The awards were distributed through the Massachusetts Department of Fire Services’ Student Fire Education (SAFE) and Senior SAFE outreach programs.
Beverly, Danvers, Peabody, Salem and Topsfield all received funding as band members.
“Education is the key to fire prevention and knowing how to respond quickly and safely if you or your loved ones find themselves in a fire emergency is essential,” said Senator Joan. Lovely, D-Salem.

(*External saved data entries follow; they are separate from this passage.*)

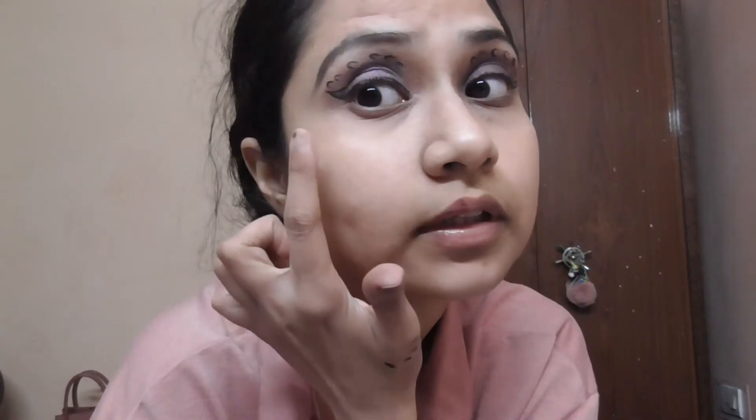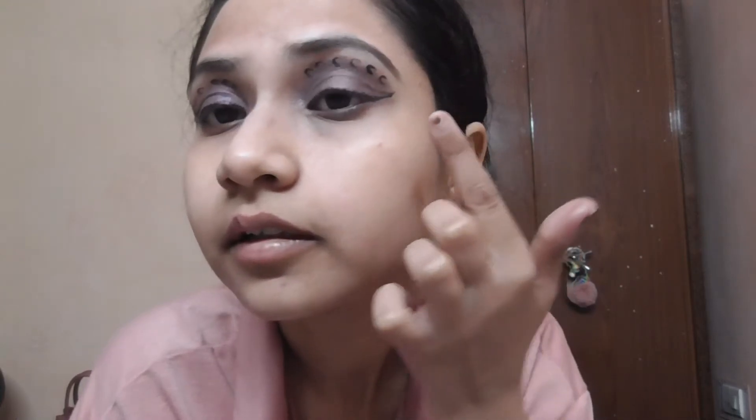I did the same on the other eye, but it was a little lighter because it was smearing. I also did some creative art and craft — I just drew these random patterns. I don't know how good it looks, but I did this. So I'll quickly wrap this look up by applying lipstick, a highlighter, and a blusher.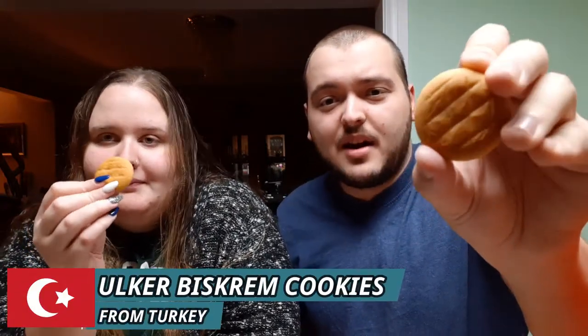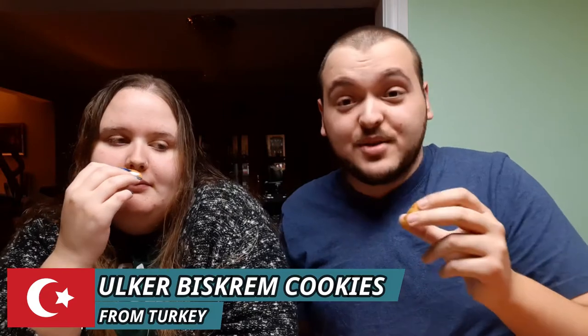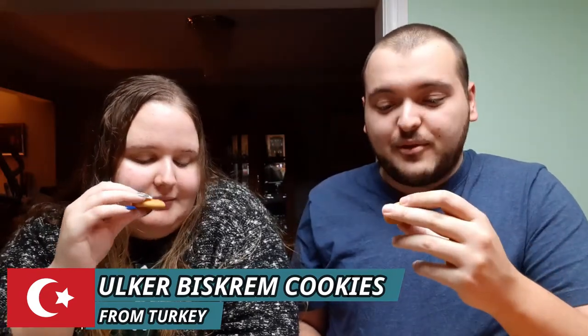So the first item here is Biskram, and it kind of looks like a chocolate bar — cocoa flavored. I'm not sure if this is a chocolate bar or a biscuit, but we're going to give it a try. It's actually a cookie. I thought it was going to be a chocolate bar. It smells really good — really fresh — and it looks like there might be chocolate or something inside. That's really good. I can't tell if it's melted chocolate or hazelnut.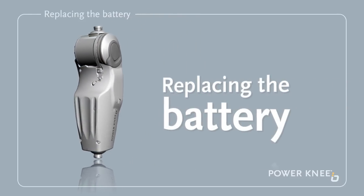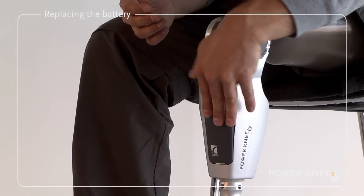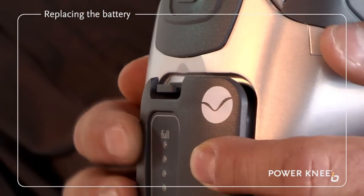Replacing the battery. Push the newly charged battery into place until a click is heard.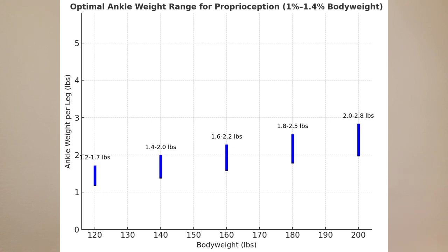2.2 pounds is one kilo, and that's what I use for each ankle. If you weigh 180, you can wear 1.8 to 2.5 pounds per ankle. If you weigh 200, it's 2 to 2.8 pounds per ankle. So basically, you should not wear more than 1.4% of your body weight. Stick between 1% and 1.4% — that's the sweet spot for proprioception, balance, coordination, and speed. That's why I wear one kilo on each leg. It strengthens my stride, my jumping ability, everything.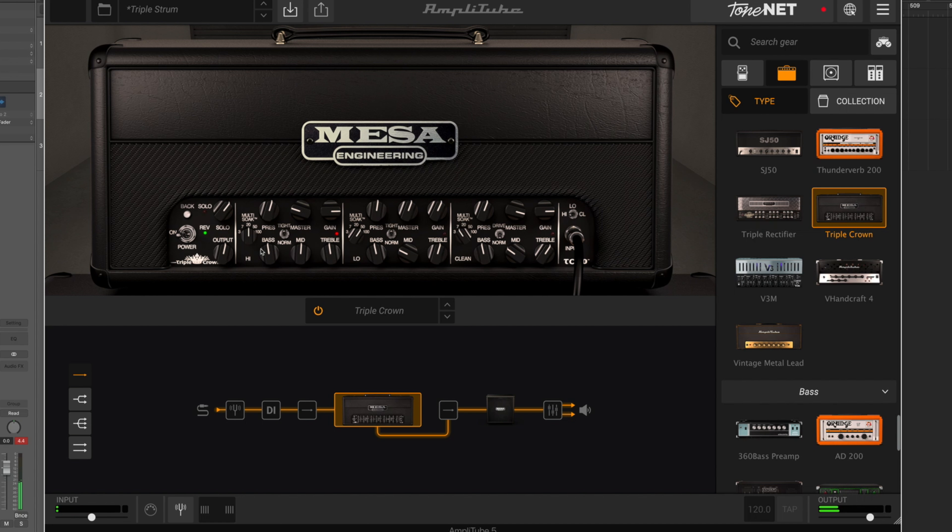Let's bring the power soak right down and try it. It changes the feel a bit, and maybe the sound a bit as well. I think that channel sounds best at 100 watts with the master up.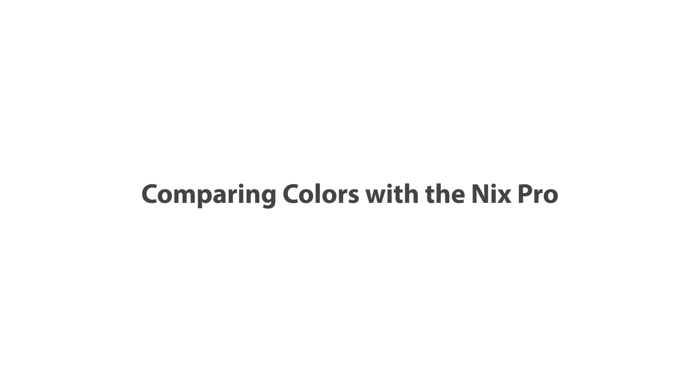Hello from the NYX sensor team! Today we want to answer all of your color comparing questions by walking you step-by-step through the comparison process.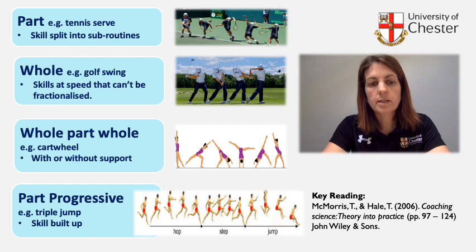Part progressive practice: the skill can be built up and the separate phases can be practiced progressively and added on to the previous phase, for example the triple jump.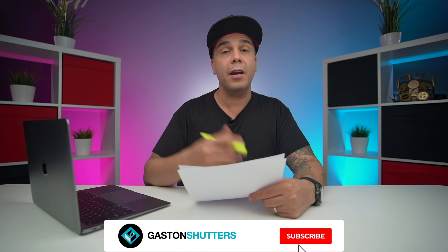Welcome back to the channel guys, my name is Gaston, I'm a photographer from Miami. I do gear reviews, tutorials, and behind the scenes. So if you like this type of content, consider hitting the subscribe button and also the notification button to be notified every time my content goes up.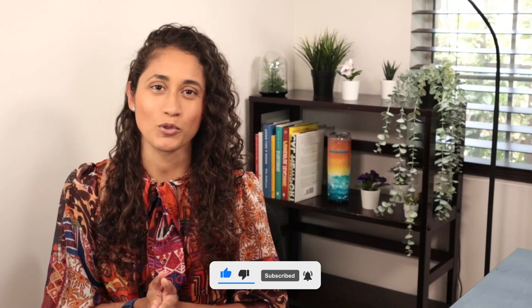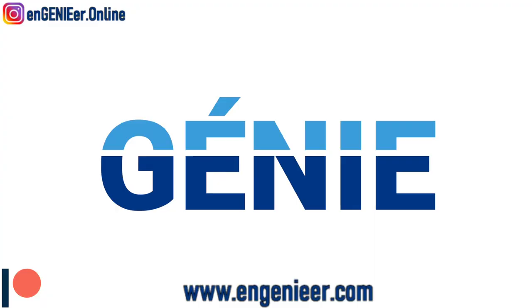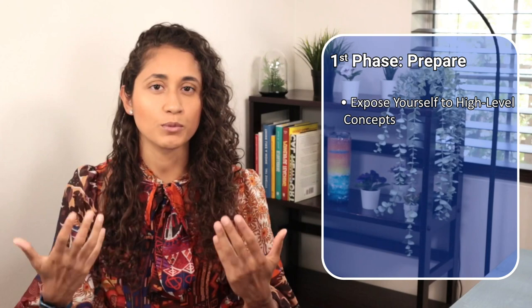Welcome to my channel. In this video we're going to talk about the three phases that you should go through while studying for your FE exam. After working with a lot of students, I noticed that the students who pass the FE go through these three phases that I'm about to share with you. The first phase is just about exposing yourself to the material and getting familiar with it.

Raising fire education awareness is crucial, and keeping children and seniors safe is a top priority for fire departments.
“The SAFE and Senior SAFE programs support our most vulnerable populations, our children and our elders, and give them the tools to live safe and healthy lives,” she said. “I am deeply grateful that our local fire departments have received this funding and I know our communities are better off because of it. »
According to Lovely’s office, Beverly owes $6,275 in SAFE funds and $3,255 in Senior SAFE funds; Danvers owes $5,175 in SAFE funds and $3,055 in Senior SAFE funds; Peabody owes $7,575 in SAFE funds and $3,455 in Senior SAFE funds; Salem owes $6,275 in SAFE funds and $3,225 in Senior SAFE funds; and Topsfield owes $4,575 in SAFE funds and $2,885 in Senior SAFE funds.
Beverly Fire Department Chief Peter O’Connor echoed Lovely’s message in response to the money the department received.
“A part of [the money] goes towards educational material and part of it goes towards the actual delivery of that message,” O’Connor said. “The total grant amount will cover all program costs and we cost share at the city level, but that’s where a lot of the funding goes.”
The SAFE program was established in 1996 to give local fire departments the chance to teach fire safety and life safety to children in schools.
“The SAFE program is for students, school-aged students, so it focuses on very specific material that targets that age group…Each year we send firefighters to all public schools, from the kindergarten through third grade,” O’Connor said.
Following the success of the SAFE program, the Senior SAFE program was created just eight years ago with the goal of providing fire departments with the funding necessary to also educate the elderly, who are most at risk for death related to fires. The Senior SAFE program teaches seniors about fire prevention, home safety and how to prepare for a fire.
“For [them] we will try to develop programs with the seniors center or with other groups that have access to seniors to bring them into a forum where we can talk to them and just talk about the issues associated with fire safety as we grow old in life,” he said. “When it comes to fire issues, those are the two groups most likely to be affected by fires, which is why they’re targeting money there.”
These programs have made a huge difference in communities, and the statistics confirm it.
“If you look at the history of these programs, you can really see how beneficial they are to communities,” O’Connor said. “It helps us get out there a little bit more and get the fire safety message across and you could probably go back to the numbers and see the benefits of this program.”
According to Lovely’s office, since SAFE’s inception, the average number of child fire deaths has dropped by 78%. In 2021, Massachusetts marked two and a half years with no child deaths from fire, the longest period in recorded Commonwealth history.